Using the Family Environment Scale,28 Feldman et al17 showed that mothers with BPD rated their family as lower in cohesion and organisation, and higher on conflict than the control group, which comprised mothers with other types of personality disorder. Children in this study (mean 11 years) were also more likely to rate their family as low in cohesion and expressiveness if their parent was diagnosed with BPD as opposed to another personality disorder. Similarly, Herr et al29 found that BPD symptoms in mothers were correlated with ratings of maternal hostility given by their 15-year-old offspring. Feldman et al17 concurred, finding that verbal abuse, physical abuse and witnessing of violence were common in their sample of children of mothers with BPD, even in comparison with children whose parents had other personality disorders.


Schacht et al16 explored mind-mindedness (parental ability and willingness to think about their child's mental state30 in parents of children aged 39–61 months). They found evidence of reduced mind-mindedness in interviews with mothers with BPD, in comparison with healthy controls, a difference that remained once maternal depression was controlled.


Two studies found that mothers with BPD scored higher on a measure of overprotection of children. Children (mean age 11 years) of mothers with BPD rated their mothers as less encouraging of independence than children whose mothers had other personality disorders.17 Similarly, mothers with BPD were reported to be more overprotective by their children aged 11–18 years, in comparison with healthy controls and controls with depressive illness and other personality disorders.19 It should be noted, however, that children of mothers with BPD might be living in environments that are more risky than average children, and that this higher reported overprotection might be advantageous in these conditions.

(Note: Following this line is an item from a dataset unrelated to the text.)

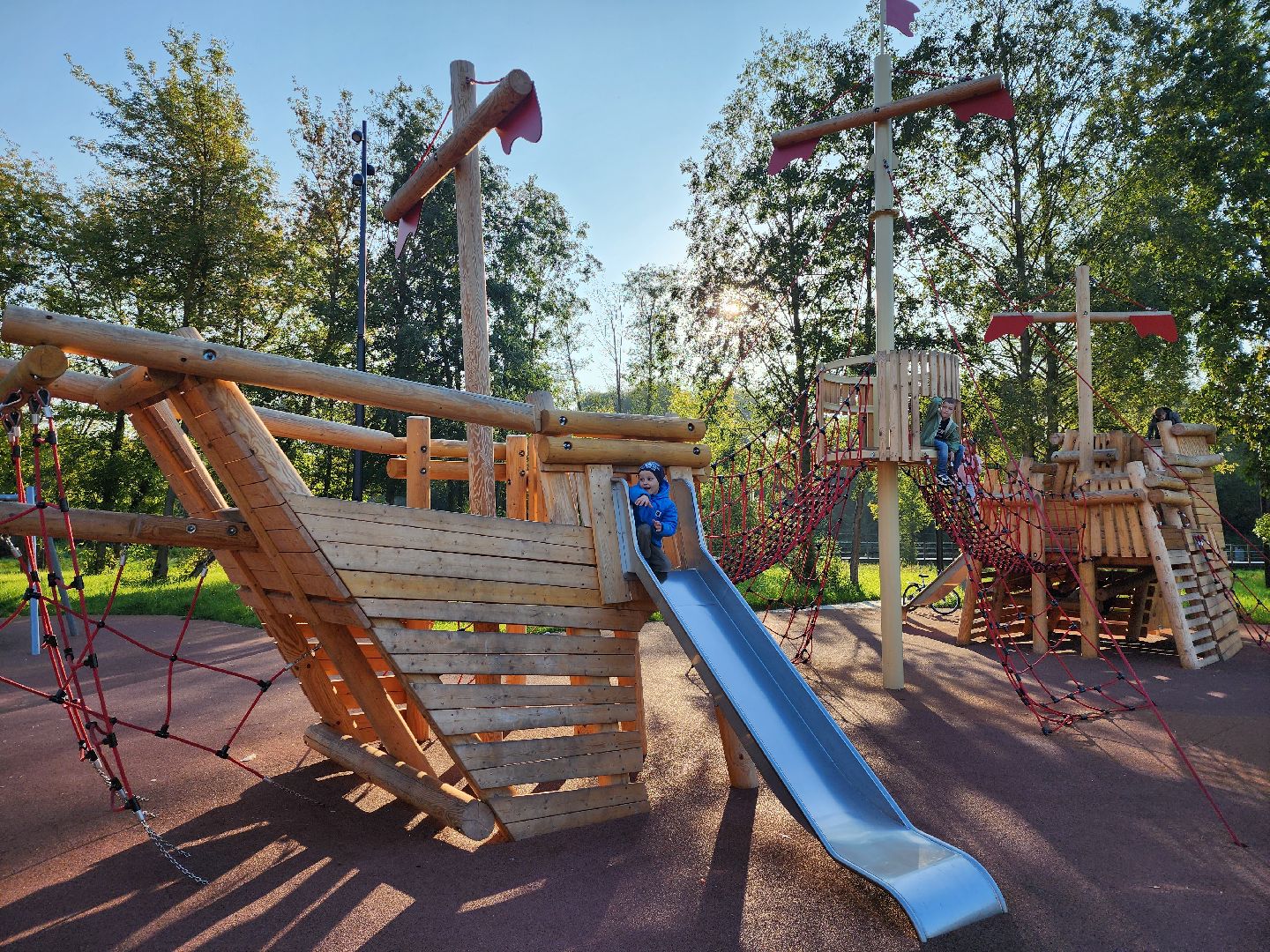 Серпухов, Подмосковье, Принарский парк, туризм, река Нара, Высоцкий монастырь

Parenting stress/satisfaction

Finally, given the differences in parenting reported above, it is not surprising that Herr et al29 noted chronic stress in the relationship between mothers with high levels of BPD symptomatology and their 15-year-old offspring, and Feldman et al found extremely low self-reported satisfaction with their family (at the 1st centile) in mothers with BPD.19

Influence of maternal BPD on children's outcomes

Twelve papers measured the association between maternal BPD and child outcomes (see table 4). As above, the outcomes are reported separately for babies/toddlers and for older children.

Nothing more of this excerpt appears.